I pray that you will find one.
Does it hold {1,3,5,7} on the third pass? J only equals 3 then.
Code: PROGRAM:BENCH
{1,3,5,7→L1
For(J,1,dim(L1
If J=3
L1*(L1≠J)→L1
Pause L1
End
Some additional information.
This is SHOWSTUF
ClrHome
Output(1,1,"L4 "
Output(1,5,⌊JONL4
Output(2,1,"L5 "
Output(2,5,⌊JONL5
Output(3,1,"L1 "
Output(3,5,⌊JONL1
Output(4,1,"OV "
Output(4,5,⌊OVER1
Output(8,1,"JA "
Output(8,5,J
Pause
ClrHome
I am not sure I understand you question. We are skipping those flash cards / problems where there are "0s" in OVER1. So on the second pass
J=3. That is the J we value I want to remove from OVER1.
more question? fire away.
After it has been turned into a zero, you can use the routine mentioned earlier to strip out that zero.

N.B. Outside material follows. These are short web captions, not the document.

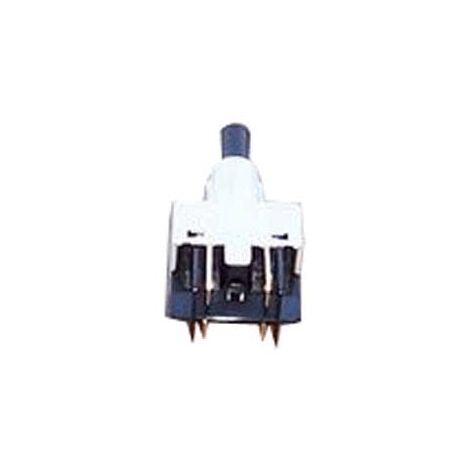INTERRUPTEUR MARCHE ARRET POUR LAVE VAISSELLE IKEA - 481227618505 (1/2)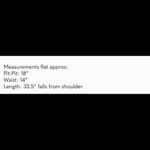 Anthropologie  Lost + Wander Patti Puff Sleeve Striped Ruffle Tassle Dress Photo 10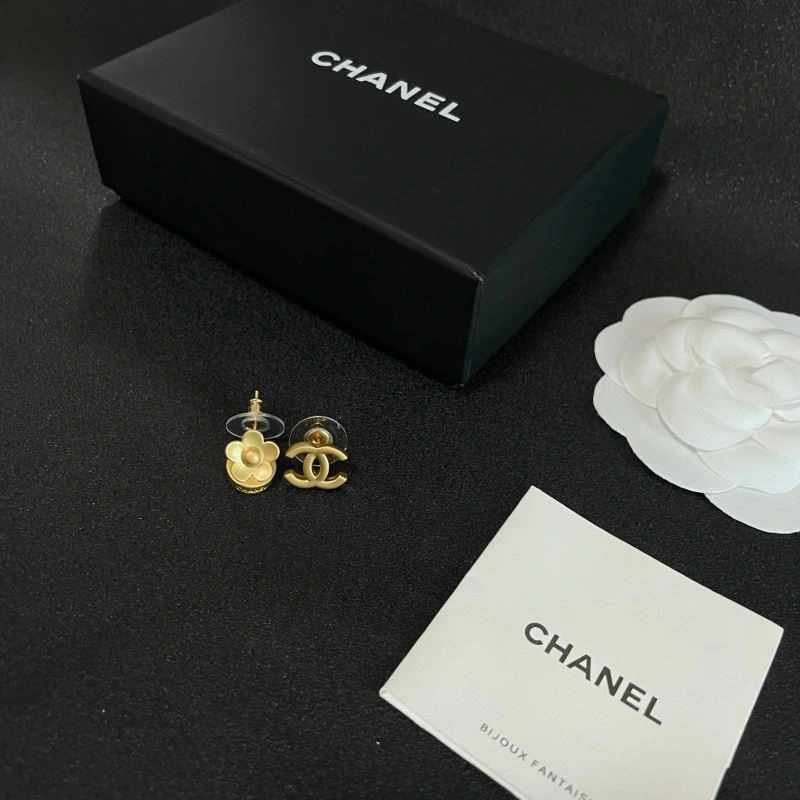 BestValue Chanel Earrings 221377
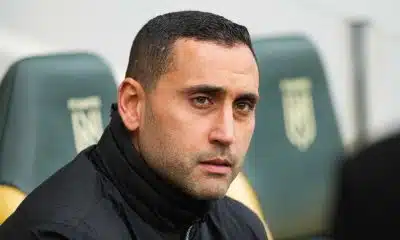 FC Nantes : l’équipe type de Kantari avec les recrues hivernales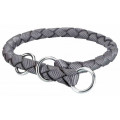 Нашийник Trixie Cavo Stop the Pull M-L 43-51 см х 18 мм, графітовий
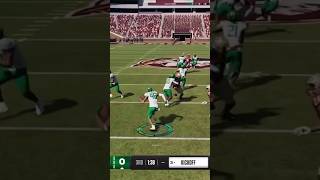 MY FIRST KICKOFF RETURN TOUCHDOWN ONLINE 🔥🔥🔥🔥 cfb25 collegefootball25 subscribe [upl. by Hteboj]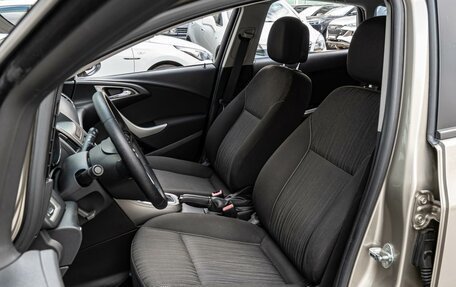 Opel Astra J, 2011 год, 785 000 рублей, 10 фотография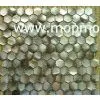 Hexagonal Blacklip Shell Mosaic,blacklip Mother of Pearl Tiles thumbnail-1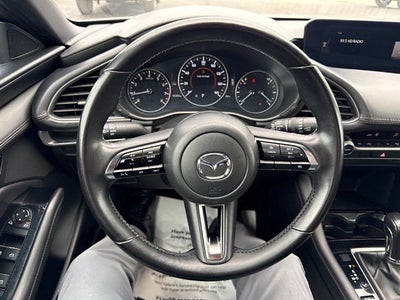 2025 Mazda Mazda3 2.5 S Select Sport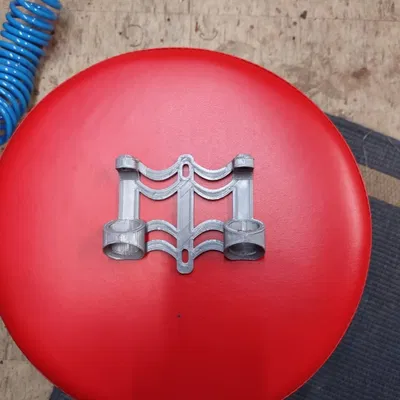 Kẹp CO2 Gắn Xe Đạp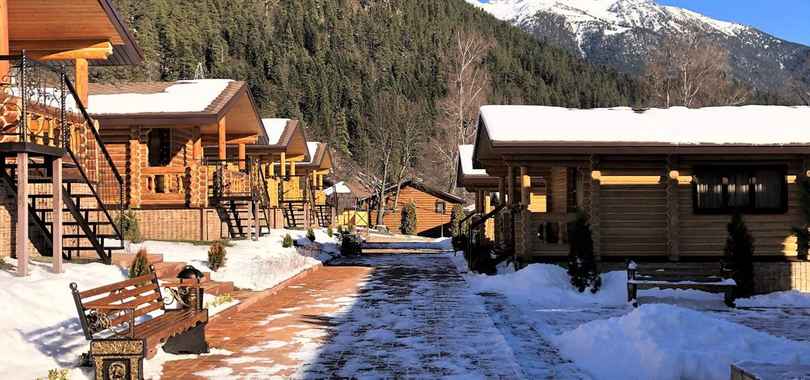 Туристический комплекс «Grand Kavkaz Архыз»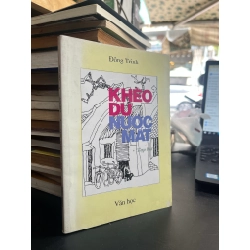 Khéo Dữ Nước Mắt - Đông Trình
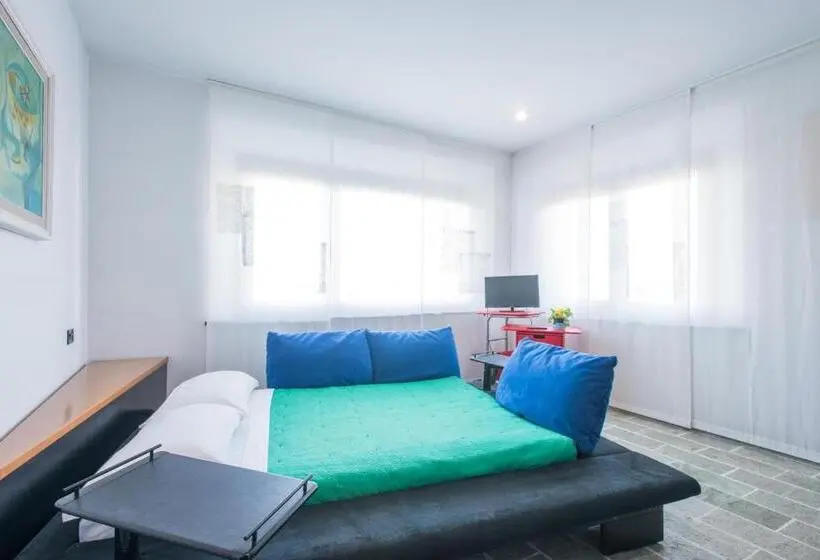 Sviitti 2 Makuuhuonetta, B&b Il Sentiero Dei Goti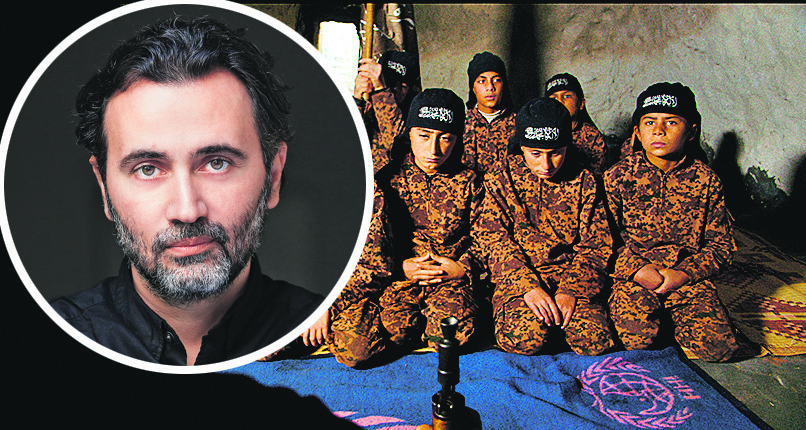 Talal Derki i džihadisti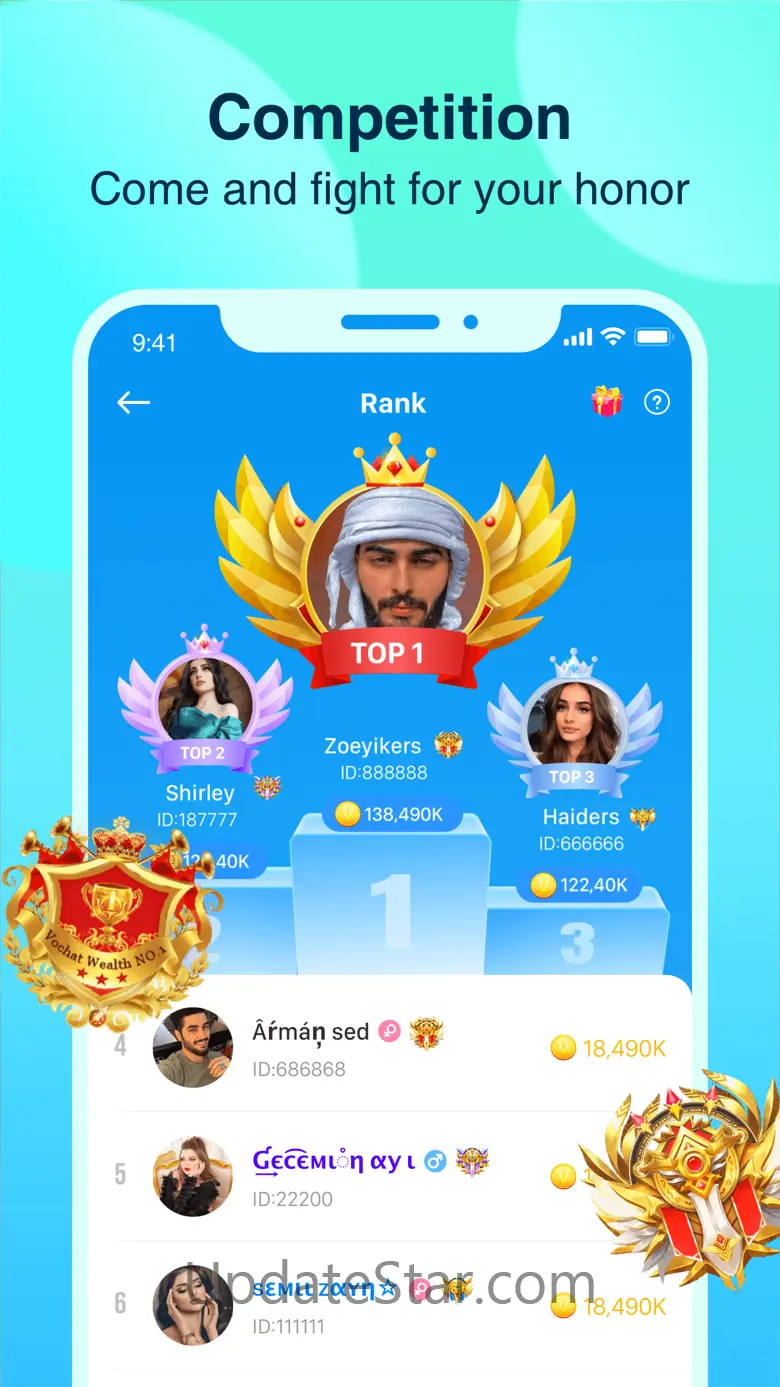 Falla-Make new friends 7.4.0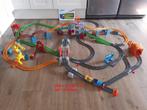 Trackmaster Thomas de Trein Mega Sodor Set met Thomas, Ophalen of Verzenden, Zo goed als nieuw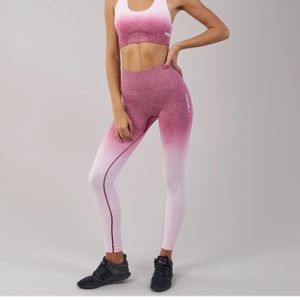Gymshark Ombré Seamless leggings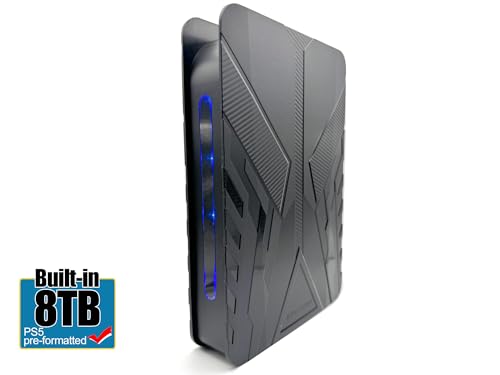 Avolusion PRO-T8 8TB USB 3.0 Gaming Hard Drive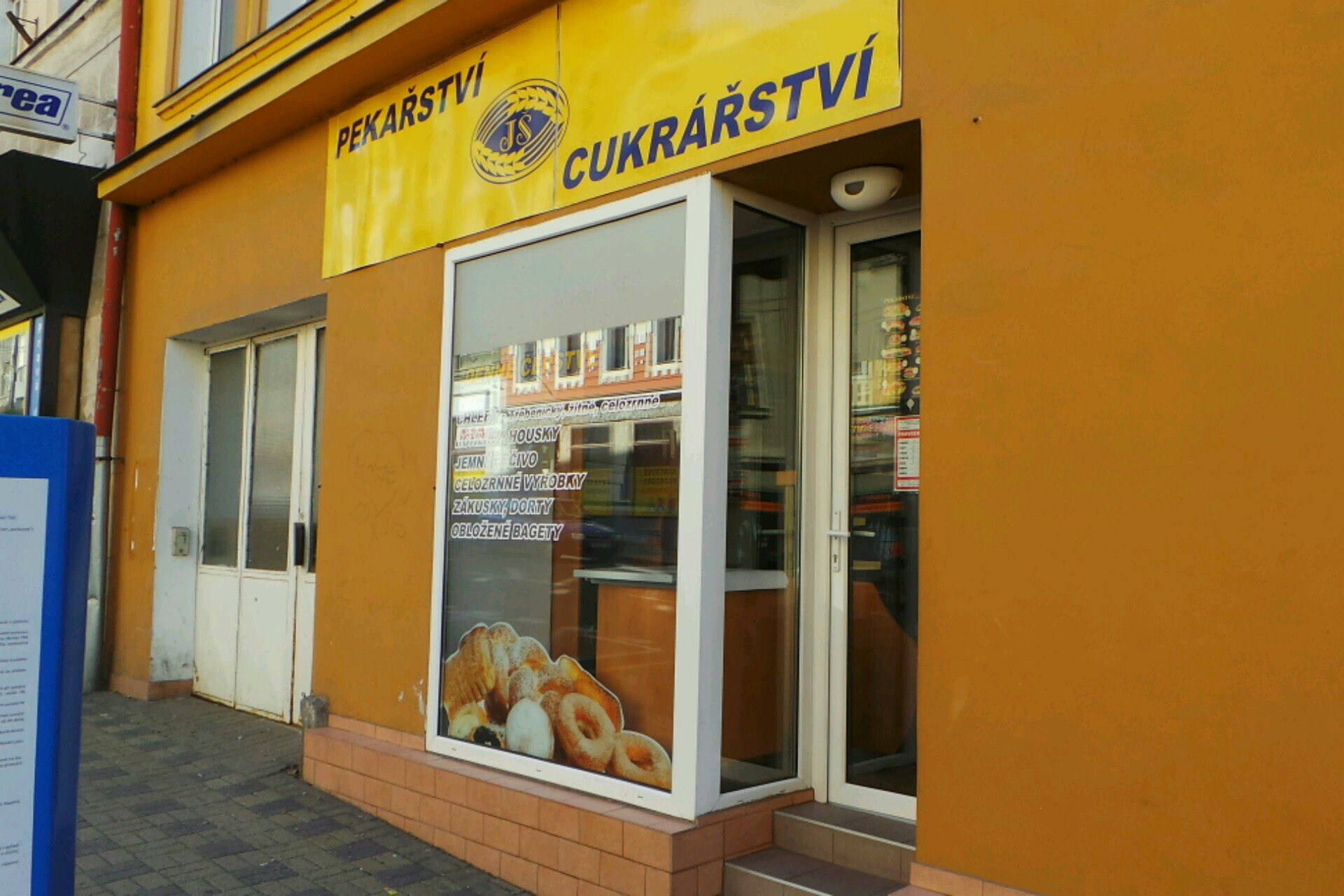 Pekařství a cukrářství Jana Šubrtová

After the program runs OVER1 holds {1,3,5,7} which is the same content it held after the "0s" were removed by the first lines of the code.
It should have removed the 3 from the list because of the replacement of the If statement with If J=3 Which should have resulted in {1,5,7}
In the second regression of REDUE22 there is code to put the "0s" back in OVER1. !n this case OVER1 should look like this:
{1,0,0,5,0,7,0,0,0,0,0,0,0,0,0,0}
Notice that there is a "0" in place of the "3" which should have been removed if the code was working
More questions? Fire when ready Gridley